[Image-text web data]
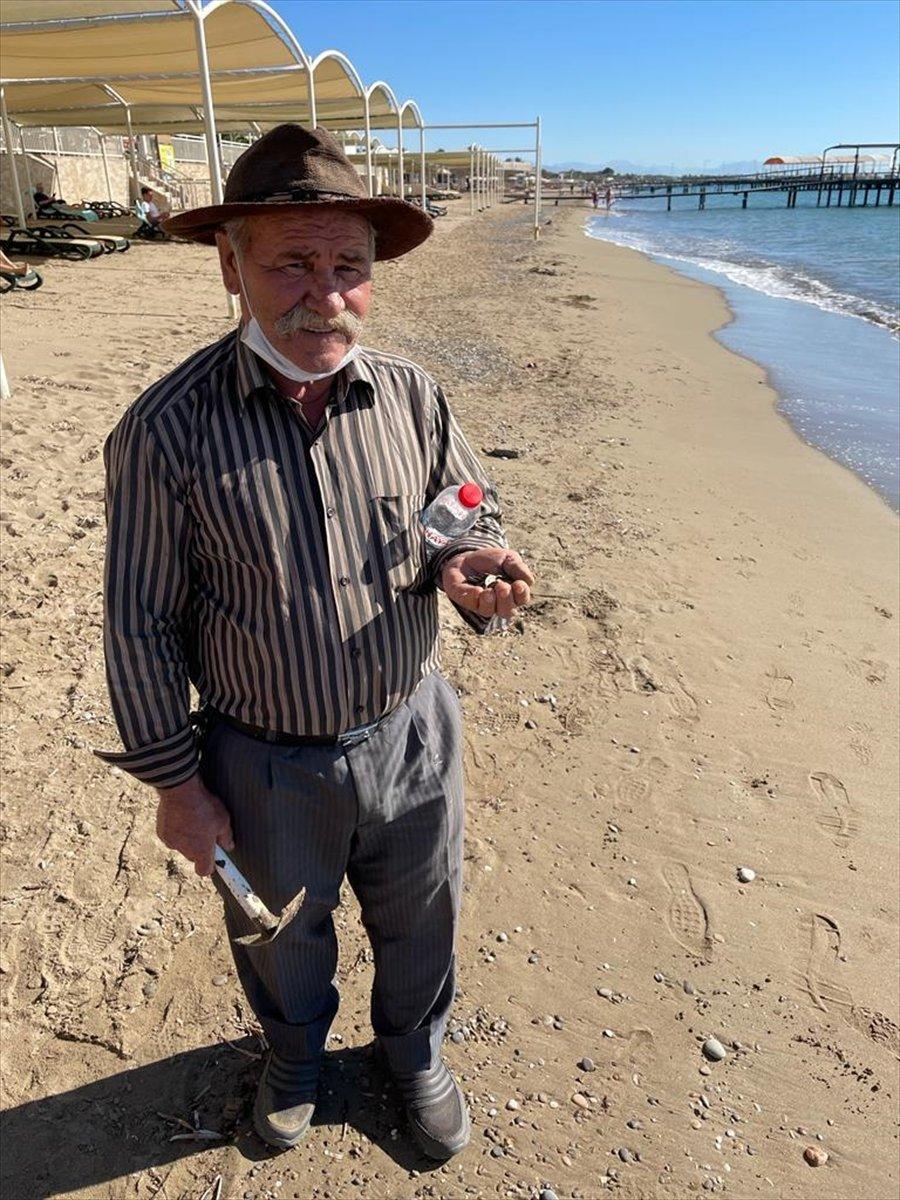 Antalya'da plaj definecileri turistlerden kalan kıymetli madenlerin peşinde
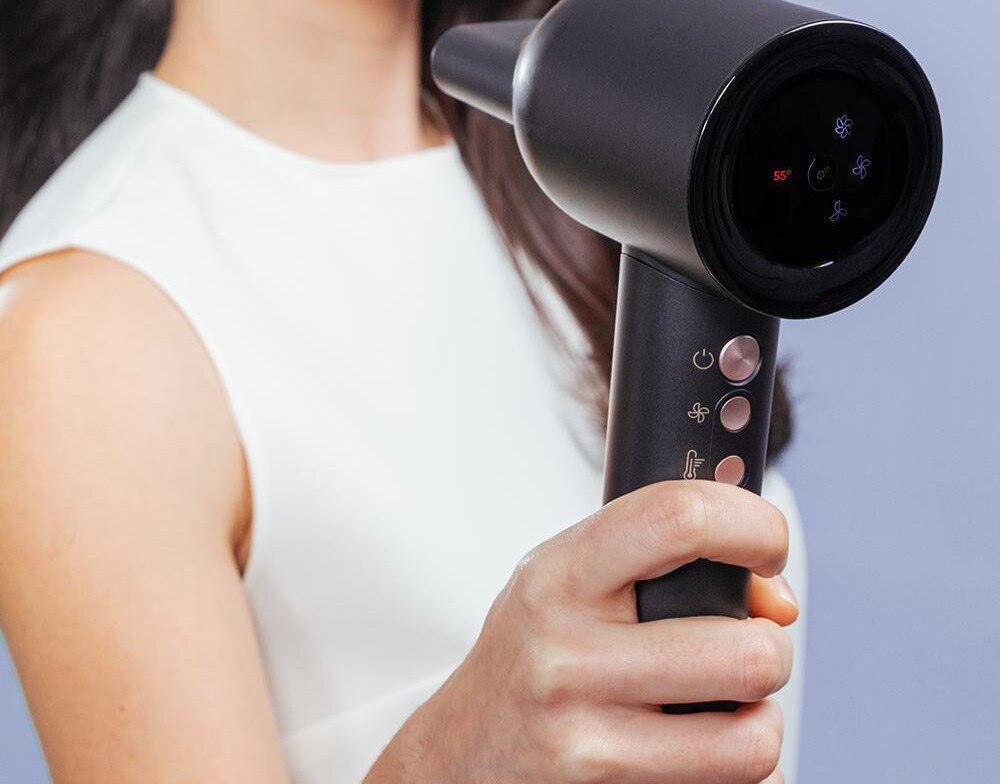 Suszarka CECOTEC Bamba IoniCare RockStar Nano IonTech Aluminium 1600W Dopasowanie do potrzeb Trzy poziomy ciepła trzy prędkości nawiewu personalizacja suszenie dopasowanie parametry rodzaj włosów nawiew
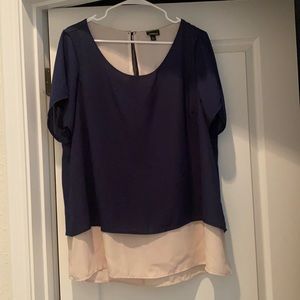 Torrid 1 short sleeve shirt 100% polyester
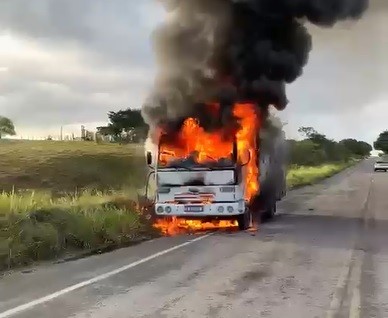 Caminhão pega fogo próximo ao povoado Quilombo, em Lagarto
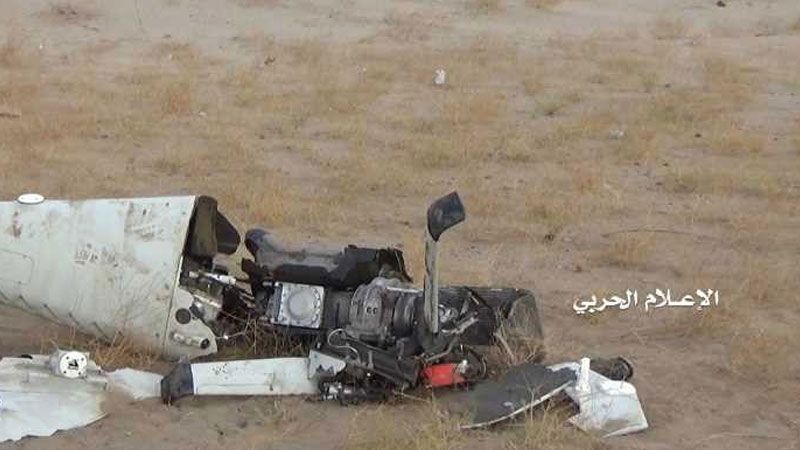 الجيش اليمني يسقط طائرة تجسس للعدوان السعودي تحمل قنابل بالحديدة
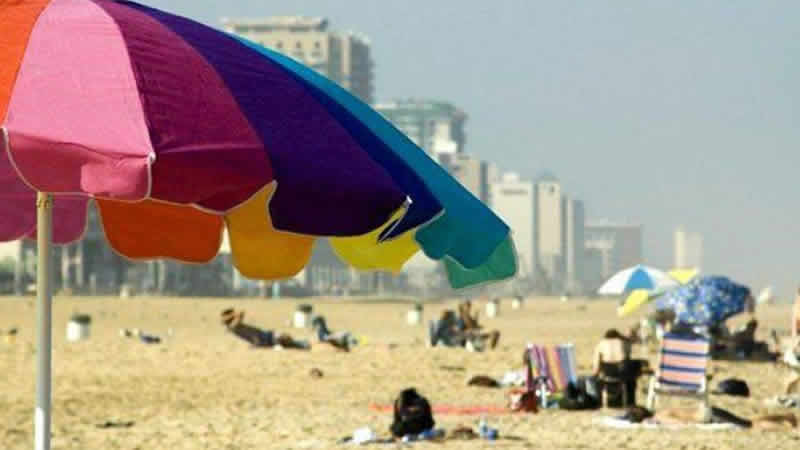 Rüzgârda uçan şemsiyenin sapı göğsüne saplandı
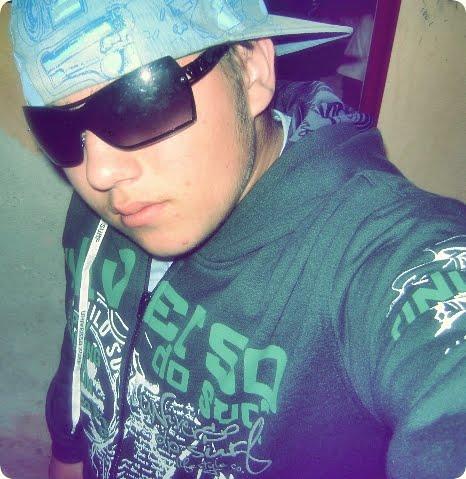 um garoto extrovertido,alegre,inteligente,atualizado e fã de musicas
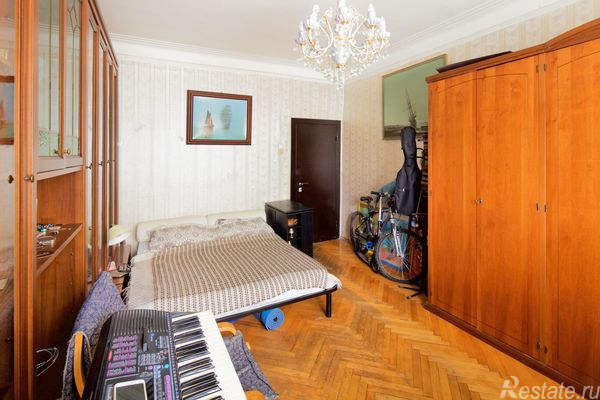 Продажа 4-комн квартиры на вторичном рынке Хавская ул,  д. 3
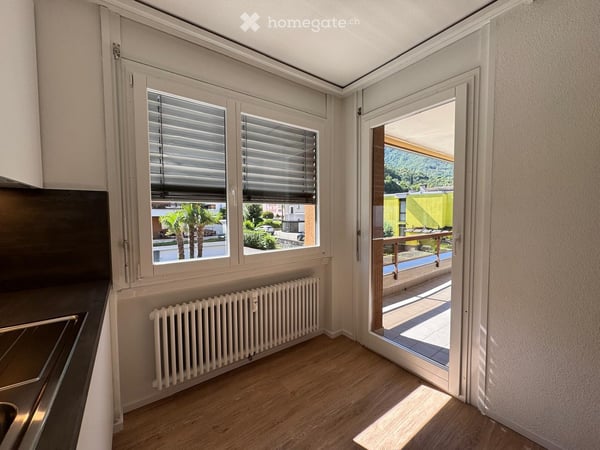 Luminoso appartamento di 4.5 locali con balcone e vista panoramica a Giubiasco 4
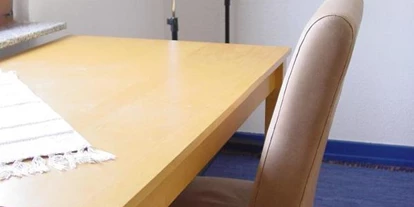 Monteurwohnung - Badezimmer: Gemeinschaftsbad - Wiesbaden - Möbliertes Zimmer in Hattersheim (zwischen Frankfurt/Main und Wiesbaden)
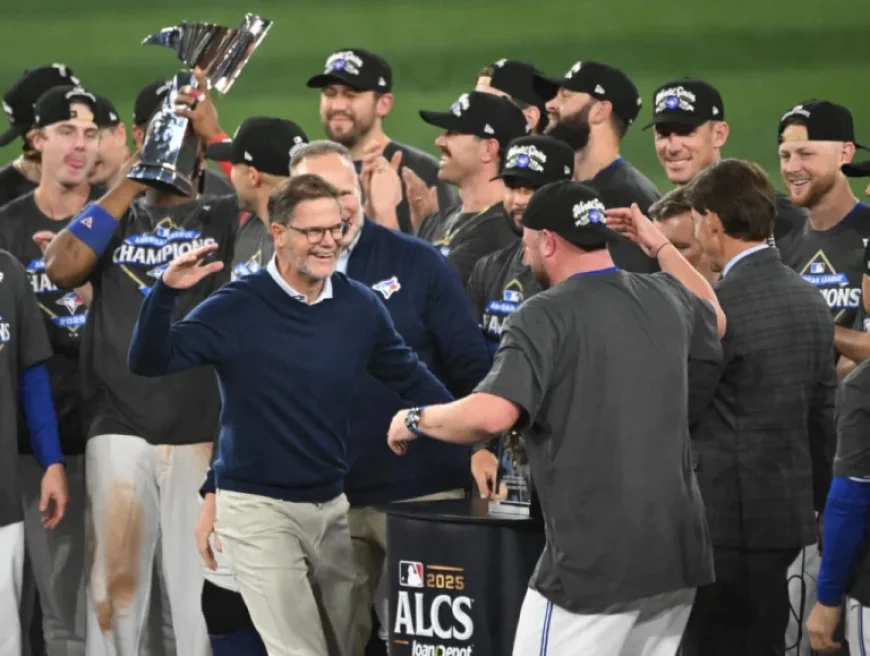 Blue Jays Extend Contracts of Ross Atkins and John Schneider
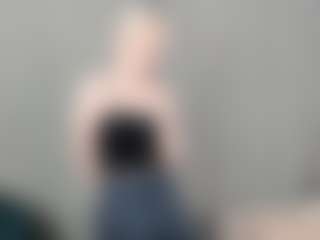 Live cam show with PhoebeArgetsinger - Big Clit on Lustler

### Work to be completed
Give again, word for word, each line from the one holding "الجيش اليمني يسقط" through the end of the entries, and leave out any picture.

### Response
 الجيش اليمني يسقط طائرة تجسس للعدوان السعودي تحمل قنابل بالحديدة
 Rüzgârda uçan şemsiyenin sapı göğsüne saplandı
 um garoto extrovertido,alegre,inteligente,atualizado e fã de musicas
 Продажа 4-комн квартиры на вторичном рынке Хавская ул,  д. 3
 Luminoso appartamento di 4.5 locali con balcone e vista panoramica a Giubiasco 4
 Monteurwohnung - Badezimmer: Gemeinschaftsbad - Wiesbaden - Möbliertes Zimmer in Hattersheim (zwischen Frankfurt/Main und Wiesbaden)
 Blue Jays Extend Contracts of Ross Atkins and John Schneider
 Live cam show with PhoebeArgetsinger - Big Clit on Lustler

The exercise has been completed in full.